The irony of all this is that the act of confession is meant to be redemptive. It’s supposed to be a place where you can feel whole again. But church leaders moved mountains so that they could also use the confessional booth to shield monsters from justice. There’s nothing sacred about complicity, and no God worth worshiping would demand that.
Every argument conservative lawyers and church leaders made in defense of the confession ritual was a confession in itself—that their faith stands for cowardice, corruption, and moral decay.
The heroes of this story are the lawmakers like Sen. Frame and Gov. Ferguson who fought to pass this bill knowing what they would be up against. They dared to argue that no faith, no tradition, no ancient rule should ever come before the safety of a child. It stands in stark contrast to the moral bankruptcy of those who fought against them, all because they believe divine authority allows them to look the other way even when faced with evil.
(Portions of this article were published earlier)

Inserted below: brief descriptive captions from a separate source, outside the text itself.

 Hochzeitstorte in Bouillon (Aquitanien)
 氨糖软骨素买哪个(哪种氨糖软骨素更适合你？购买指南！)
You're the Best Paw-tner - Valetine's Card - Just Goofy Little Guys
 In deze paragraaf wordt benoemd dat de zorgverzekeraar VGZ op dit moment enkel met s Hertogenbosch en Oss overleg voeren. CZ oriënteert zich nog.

Read this in The Seattle Times this morning. Damn near flung the paper across the room.
The Church of the Holy Pedophile needs to be gone for the sake of all humanity. Their nearly two millenia history has proven beyond any doubt that they are pure evil. Would love to see Catholic parents pull themselves and their families out of the reach of Holy Mother Church. Drain them of both money and children.

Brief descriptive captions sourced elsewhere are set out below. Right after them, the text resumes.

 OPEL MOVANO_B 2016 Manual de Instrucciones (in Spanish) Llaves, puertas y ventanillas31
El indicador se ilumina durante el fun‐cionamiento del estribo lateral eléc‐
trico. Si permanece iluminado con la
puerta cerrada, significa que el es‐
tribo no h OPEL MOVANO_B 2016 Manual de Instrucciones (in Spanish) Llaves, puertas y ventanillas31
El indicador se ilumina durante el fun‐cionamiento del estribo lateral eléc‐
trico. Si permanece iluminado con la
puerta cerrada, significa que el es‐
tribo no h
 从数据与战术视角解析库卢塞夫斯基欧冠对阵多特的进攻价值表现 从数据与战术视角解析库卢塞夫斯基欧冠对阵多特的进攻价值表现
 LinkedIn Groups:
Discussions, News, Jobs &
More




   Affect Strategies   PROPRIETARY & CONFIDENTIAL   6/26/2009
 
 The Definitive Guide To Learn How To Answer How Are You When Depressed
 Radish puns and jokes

𝐵𝑢𝑡 𝑐𝑜𝑛𝑔𝑟𝑎𝑡𝑢𝑙𝑎𝑡𝑖𝑜𝑛𝑠 𝑡𝑜 𝑐𝑜𝑛𝑠𝑒𝑟𝑣𝑎𝑡𝑖𝑣𝑒𝑠, 𝐼 𝑔𝑢𝑒𝑠𝑠. 𝑇ℎ𝑒𝑦 𝑔𝑜𝑡 𝑤ℎ𝑎𝑡 𝑡ℎ𝑒𝑦 𝑤𝑎𝑛𝑡𝑒𝑑. 𝑃𝑟𝑒𝑑𝑎𝑡𝑜𝑟𝑠’ 𝑠𝑒𝑐𝑟𝑒𝑡𝑠 𝑐𝑎𝑛 𝑓𝑜𝑟𝑒𝑣𝑒𝑟 𝑟𝑒𝑚𝑎𝑖𝑛 𝑎 𝑠𝑒𝑐𝑟𝑒𝑡.
Just like in DC. They are blocking release of the Epstein files for the same reason they fought against this very sensible rule. They don't care about children. They don't care about consequences for abusers. They only care about protecting their power and reputation.
𝑇ℎ𝑒 ℎ𝑒𝑟𝑜𝑒𝑠 𝑜𝑓 𝑡ℎ𝑖𝑠 𝑠𝑡𝑜𝑟𝑦 𝑎𝑟𝑒 𝑡ℎ𝑒 𝑙𝑎𝑤𝑚𝑎𝑘𝑒𝑟𝑠 𝑙𝑖𝑘𝑒 𝑆𝑒𝑛. 𝐹𝑟𝑎𝑚𝑒 𝑎𝑛𝑑 𝐺𝑜𝑣. 𝐹𝑒𝑟𝑔𝑢𝑠𝑜𝑛 𝑤ℎ𝑜 𝑓𝑜𝑢𝑔ℎ𝑡 𝑡𝑜 𝑝𝑎𝑠𝑠 𝑡ℎ𝑖𝑠 𝑏𝑖𝑙𝑙 𝑘𝑛𝑜𝑤𝑖𝑛𝑔 𝑤ℎ𝑎𝑡 𝑡ℎ𝑒𝑦 𝑤𝑜𝑢𝑙𝑑 𝑏𝑒 𝑢𝑝 𝑎𝑔𝑎𝑖𝑛𝑠𝑡. 𝑇ℎ𝑒𝑦 𝑑𝑎𝑟𝑒𝑑 𝑡𝑜 𝑎𝑟𝑔𝑢𝑒 𝑡ℎ𝑎𝑡 𝑛𝑜 𝑓𝑎𝑖𝑡ℎ, 𝑛𝑜 𝑡𝑟𝑎𝑑𝑖𝑡𝑖𝑜𝑛, 𝑛𝑜 𝑎𝑛𝑐𝑖𝑒𝑛𝑡 𝑟𝑢𝑙𝑒 𝑠ℎ𝑜𝑢𝑙𝑑 𝑒𝑣𝑒𝑟 𝑐𝑜𝑚𝑒 𝑏𝑒𝑓𝑜𝑟𝑒 𝑡ℎ𝑒 𝑠𝑎𝑓𝑒𝑡𝑦 𝑜𝑓 𝑎 𝑐ℎ𝑖𝑙𝑑.
Amen.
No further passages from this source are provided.